I can think of things even in my personal life or business where, if an outsider were involving himself trying to "signal boost" a resolution (even if in my favor), I think I'd very rightly want to know the motivations and identity of said person.
The above examples don't illustrate that he should be identified, rather, that he's presenting people with a compelling reason to want him identified. I don't think he should be ID'd, but if a campus paper wrote an OP-ed about it, I'd have a hard time faulting them.
I don't think anyone should harass anyone else, which I think is somewhat what Scott has been doing (perhaps for a righteous cause) with this affair (as, by nature, signal boosting pro-prof draws some fire upon the grad student faction in question), so his response here rings a little bit hollow to me. But, to be crystal clear, even if I think Scott is using his platform to ever so slightly browbeat institutions via his followers (in the most mild sense & with the best of intentions), I still think the NYT is very much clearly in the wrong.

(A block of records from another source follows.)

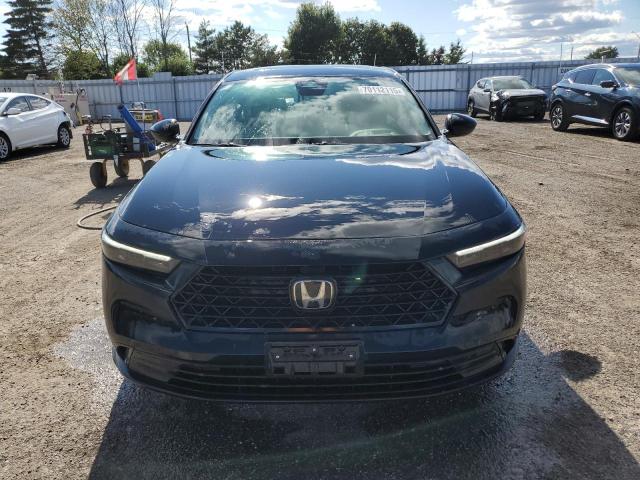 2024 HONDA ACCORD EX - 1HGCY1F35RA800962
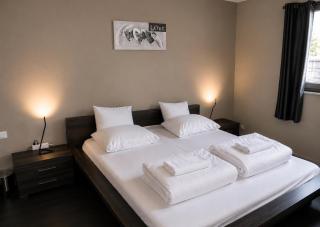 Bungalow Haarlem Amsterdam with jacuzzi - 3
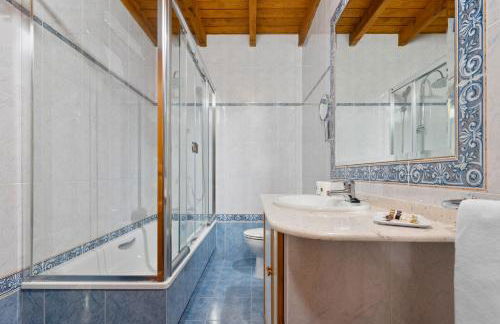 Apartamentos El Rincón de Bustio - Foto 59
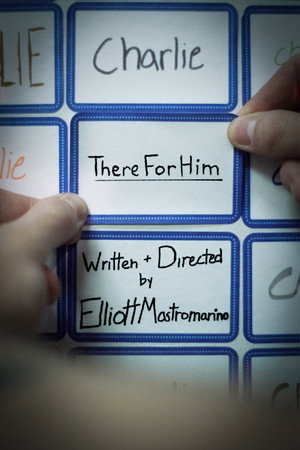 There for Him
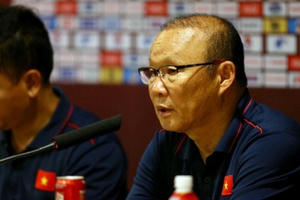 ĐT Việt Nam sẽ đối đầu với Malaysia trên sân khách vào ngày 30/3/2021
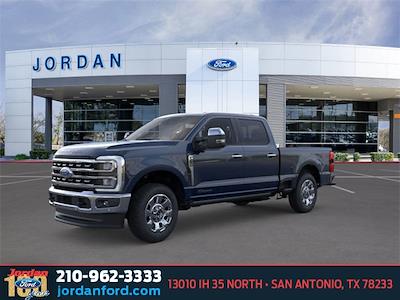 2025 Ford F-250 Crew Cab 4x4 Pickup for sale #CC85483 - photo 1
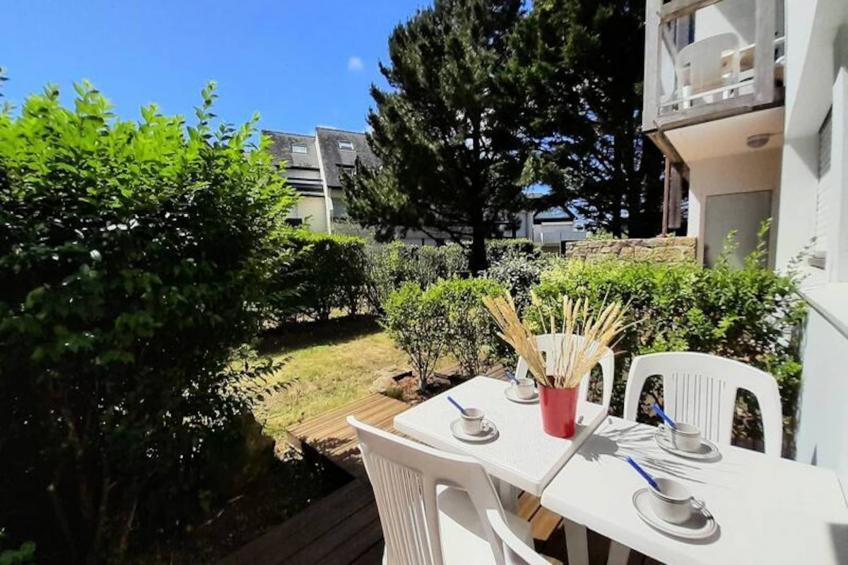 Résidence Bleu Oceane Carnac - foto 4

I feel you're using a lot of noncentral meanings of terms here - "harassing" a "group" by drawing attention to something they're doing, publically, to another person, which severely impacts that person's life in a comparison with revealing somebody's identity in order to enable harassment of their private life.
I note that it's "the same" side in both situations that you're comparing, who thinks imposing personal consequences for civil, public speech is a legitimate substitute for debate. What Scott is doing is very dissimilar from what that group of students was doing, but what they were doing is very similar to what the NYT is trying to do.
I don't see how these things legitimize each other at all, unless you're advocating or favoring personal harassment as a legitimate political strategy.